As I travel in this area, I note old names, as well as the new names on road signs given as a part of the area “911” project: Dolphin Lane, Toy Cove, Serendipity Drive. Many of the new signs simply tell the name of the people who live there, an old practice. And some of the names irritate me, even though they’re none of my business, even though I understand people’s desire to be original, to use words that please them and say something about themselves. I just think the name should be the first word of a narrative, one that can have a long run, one that is tied to something genuine.

When I drive through the ever-spreading outskirts of cities, I always notice the names of housing and apartment developments. The more expensive they are, the more likely they are to have be graced with names like “Fox Ridge,” “Turtle Cove, “Partridge Hollow” — even if there are no foxes, turtles, or partridges within a hundred mile radius; even if all the ridges, coves, and hollows have been bulldozed long ago.
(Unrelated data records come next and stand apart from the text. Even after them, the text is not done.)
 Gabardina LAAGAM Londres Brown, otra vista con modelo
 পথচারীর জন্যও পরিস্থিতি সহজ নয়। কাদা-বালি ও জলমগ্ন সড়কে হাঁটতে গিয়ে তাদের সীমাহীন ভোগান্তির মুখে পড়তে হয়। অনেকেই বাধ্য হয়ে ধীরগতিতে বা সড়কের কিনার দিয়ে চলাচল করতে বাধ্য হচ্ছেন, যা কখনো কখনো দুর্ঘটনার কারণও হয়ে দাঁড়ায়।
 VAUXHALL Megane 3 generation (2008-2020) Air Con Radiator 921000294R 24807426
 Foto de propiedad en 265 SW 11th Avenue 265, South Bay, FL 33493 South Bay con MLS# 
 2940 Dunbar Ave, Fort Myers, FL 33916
Sometimes the names make me sad.

Sometimes, when I’m feeling superior, they amuse me. Mostly they remind me how much of what we do is done without thought, or, maybe worse, with an eye toward consumers and their sentimentality, the same kind of sentimentality that names sleek automobiles after endangered animals and Indian tribes. The names conjure up images of adventure, of risk, of everything that's wild and real, of everything that’s disappearing as fast as we create its inauthentic and unworthy namesake.
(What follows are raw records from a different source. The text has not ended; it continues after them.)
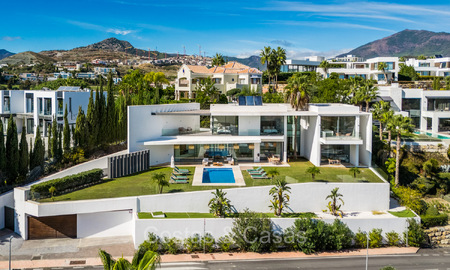 Villa de luxe moderniste à vendre avec vue panoramique sur la mer dans un quartier exclusif de Benahavis - Marbella 74428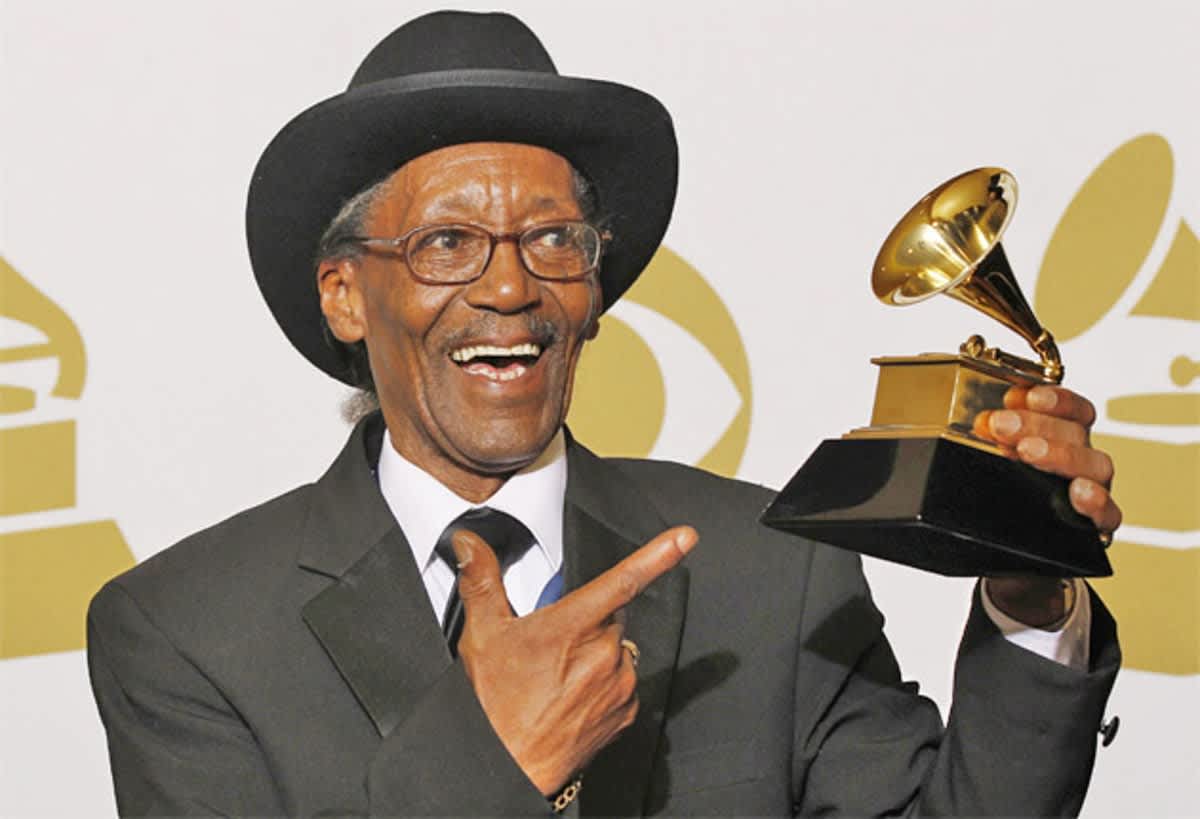 Уилли Биг Айз Смит с наградой Grammy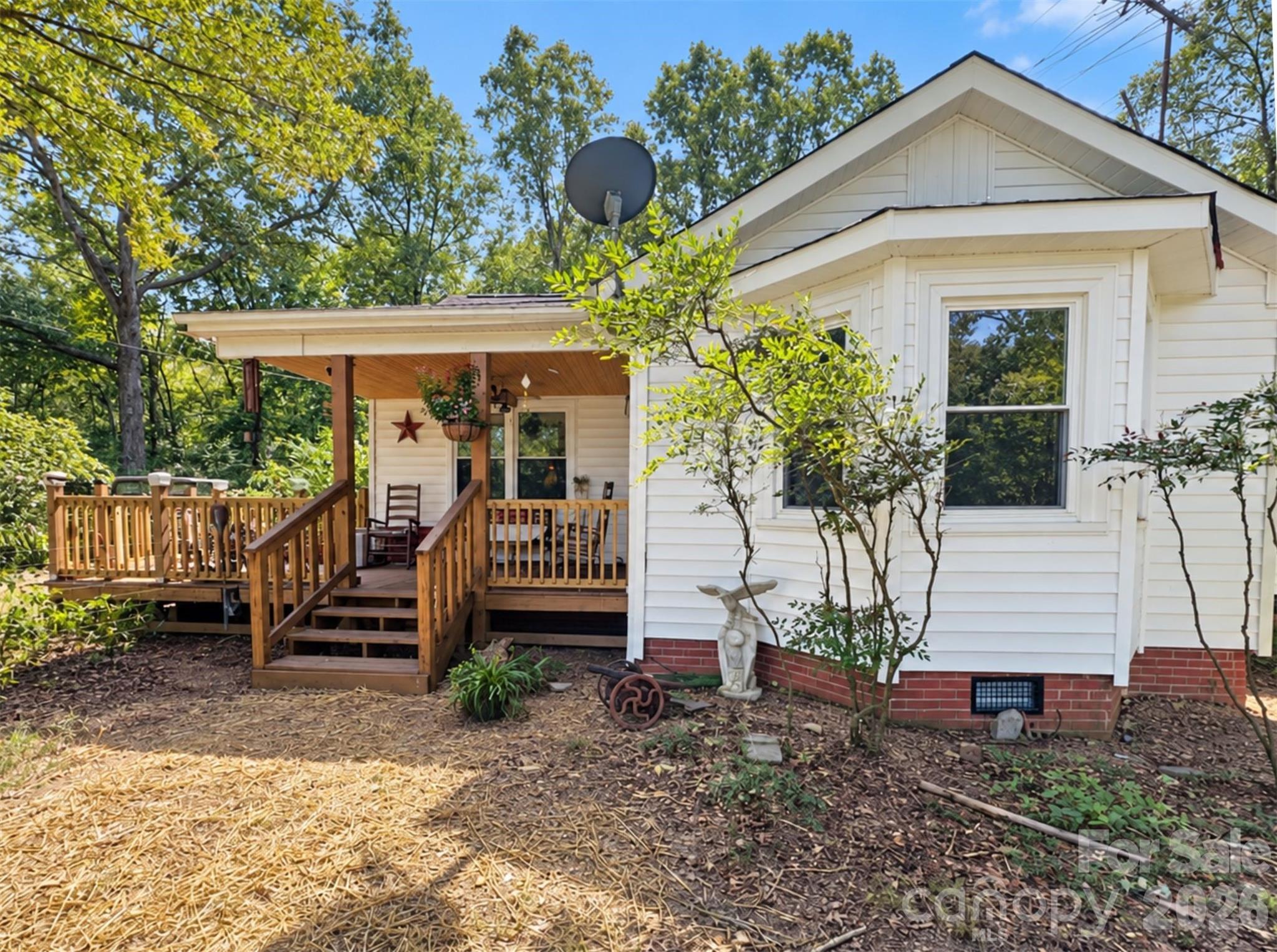 247 German Hill Road Property Photo 2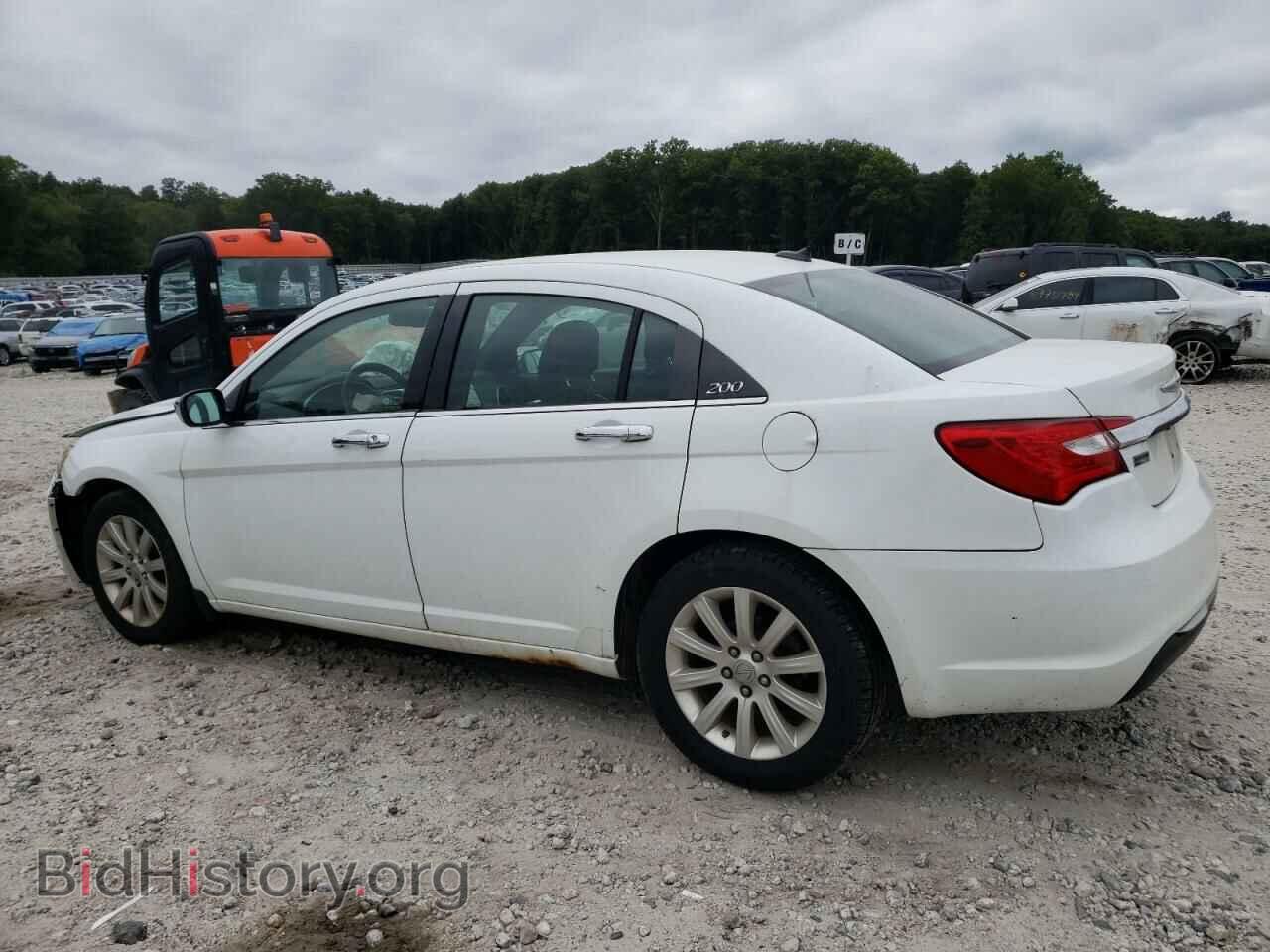 2013 CHRYSLER 200 - VIN: 1C3CCBCG3DN556583 - Фото 2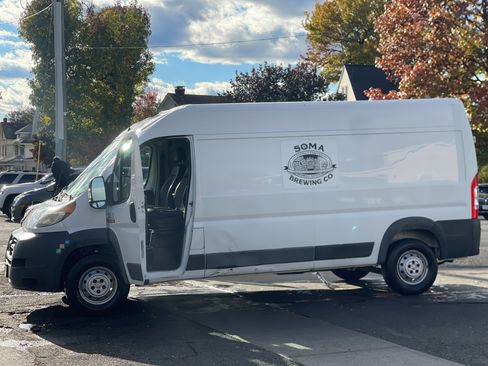 Used 2017 RAM ProMaster 2500 image 6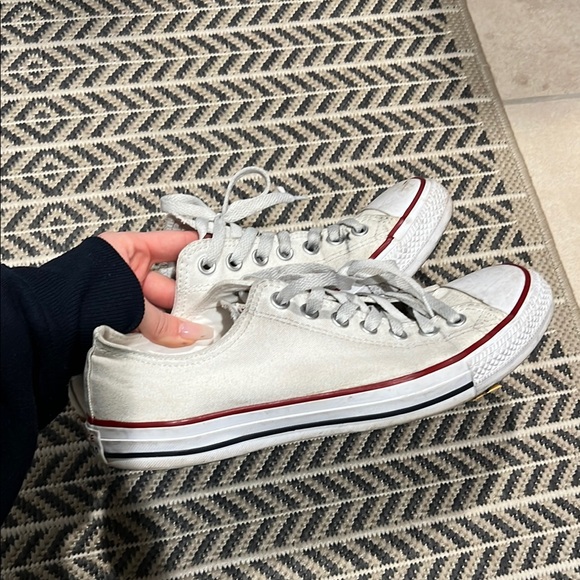 White Low-Top Sneakers with Red Stripe - Picture 1 of 3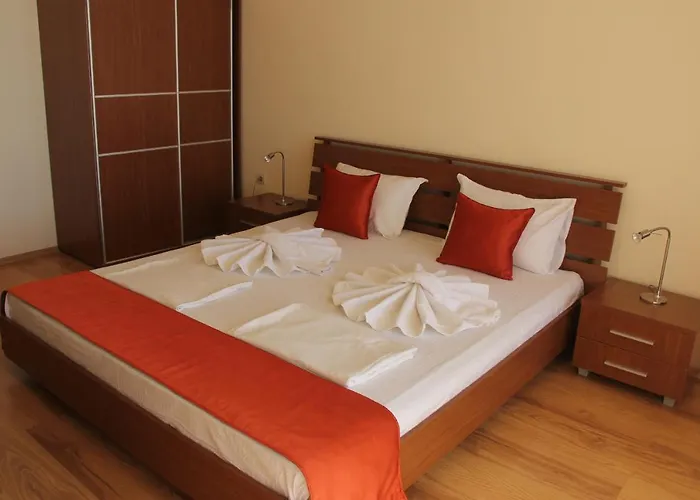 Aurelia Complex Ravda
Because they are the first word of a story, names have power. We know this when we name our children. The names we give them are the names with which they face the world, their first “front.”
They are the first words people learn to write, the opening act in the play, the beginning of the autobiography, and we recognize their importance. I would suggest that the same care be given in the naming of places. As one who wants to know more about my “place,” I need to give more attendance to knowing the names of the animals and plants which still flourish, as well as those which need to be recognized because they ail, because they need “attending to.” The names in Western North Carolina are integral to the identity of this place. In many cases they are a story, a piece of a history encapsulated in a word or phrase. Being able to name them is the beginning of being able to know them because it shows that we value them enough to give them articulation, to give them a word. They are important enough to have their own place in our mind, to be part of our order. The names we give, the names we keep, the names we remember — all of these reveal as much about the bestower of names as they do about the named object. The names we bother with knowing say what has relevance in our lives. The names we give say something about our character, about what we value.

At the ocean, you can sometimes watch the rain move towards you across the water as a wall of misty darkness, though it doesn’t always reach you. There is no name for that. When it rains at home in the southern Appalachians, I love to watch the heavier showers move down steep slopes and across valleys.

Sometimes the rain reaches my home. But if it does not, there is no name for that. But in the desert, there is rain that evaporates before it can even reach the ground. One can look up and see a ceiling of water, then of mist, then of nothing but hope. The name for this rain, for this disappointment, is “virga.” We give what is significant to us a name, and that name reflects what we are, and sometimes tells a story about us.

When my daughter came in from the beach at the end of the day, she told me that the boy's name was Nathaniel. I looked it up — it means, "“gift of God.”